→ WORK INSTRUCTIONS
Your answer must be the lines of the entries below, exactly as written, from the first line through the line containing "Moritaka Companion Heavy".

→ INPUT

------

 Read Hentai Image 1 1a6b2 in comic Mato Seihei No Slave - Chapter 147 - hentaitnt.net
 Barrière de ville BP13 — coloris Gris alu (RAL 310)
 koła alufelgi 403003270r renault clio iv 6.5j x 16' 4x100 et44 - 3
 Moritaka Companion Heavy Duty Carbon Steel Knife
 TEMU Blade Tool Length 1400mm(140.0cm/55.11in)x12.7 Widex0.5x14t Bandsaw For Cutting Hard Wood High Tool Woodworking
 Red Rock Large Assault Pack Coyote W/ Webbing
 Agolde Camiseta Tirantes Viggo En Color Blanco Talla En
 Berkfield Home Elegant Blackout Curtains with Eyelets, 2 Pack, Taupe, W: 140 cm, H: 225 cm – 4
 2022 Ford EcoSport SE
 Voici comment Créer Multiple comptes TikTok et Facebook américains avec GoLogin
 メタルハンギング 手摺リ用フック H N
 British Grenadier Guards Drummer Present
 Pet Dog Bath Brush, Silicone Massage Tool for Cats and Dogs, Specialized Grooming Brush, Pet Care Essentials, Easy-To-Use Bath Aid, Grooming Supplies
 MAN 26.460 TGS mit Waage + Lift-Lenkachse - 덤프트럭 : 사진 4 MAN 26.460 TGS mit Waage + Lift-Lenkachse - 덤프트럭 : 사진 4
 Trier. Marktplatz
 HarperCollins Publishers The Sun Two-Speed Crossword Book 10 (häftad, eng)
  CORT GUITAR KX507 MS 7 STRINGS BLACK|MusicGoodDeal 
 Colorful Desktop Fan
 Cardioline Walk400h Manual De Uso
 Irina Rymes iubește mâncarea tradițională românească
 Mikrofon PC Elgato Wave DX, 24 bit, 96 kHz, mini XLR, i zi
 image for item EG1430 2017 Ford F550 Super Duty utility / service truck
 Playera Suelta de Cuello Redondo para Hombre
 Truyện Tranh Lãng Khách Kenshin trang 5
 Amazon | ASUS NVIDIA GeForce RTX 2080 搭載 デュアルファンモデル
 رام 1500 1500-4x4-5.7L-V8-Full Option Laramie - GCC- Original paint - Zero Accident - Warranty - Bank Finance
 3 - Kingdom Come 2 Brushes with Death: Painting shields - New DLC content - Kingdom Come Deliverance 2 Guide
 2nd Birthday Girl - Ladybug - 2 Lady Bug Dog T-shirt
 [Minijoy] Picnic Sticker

------

→ EXERCISE SOLUTION
 Read Hentai Image 1 1a6b2 in comic Mato Seihei No Slave - Chapter 147 - hentaitnt.net
 Barrière de ville BP13 — coloris Gris alu (RAL 310)
 koła alufelgi 403003270r renault clio iv 6.5j x 16' 4x100 et44 - 3
 Moritaka Companion Heavy Duty Carbon Steel Knife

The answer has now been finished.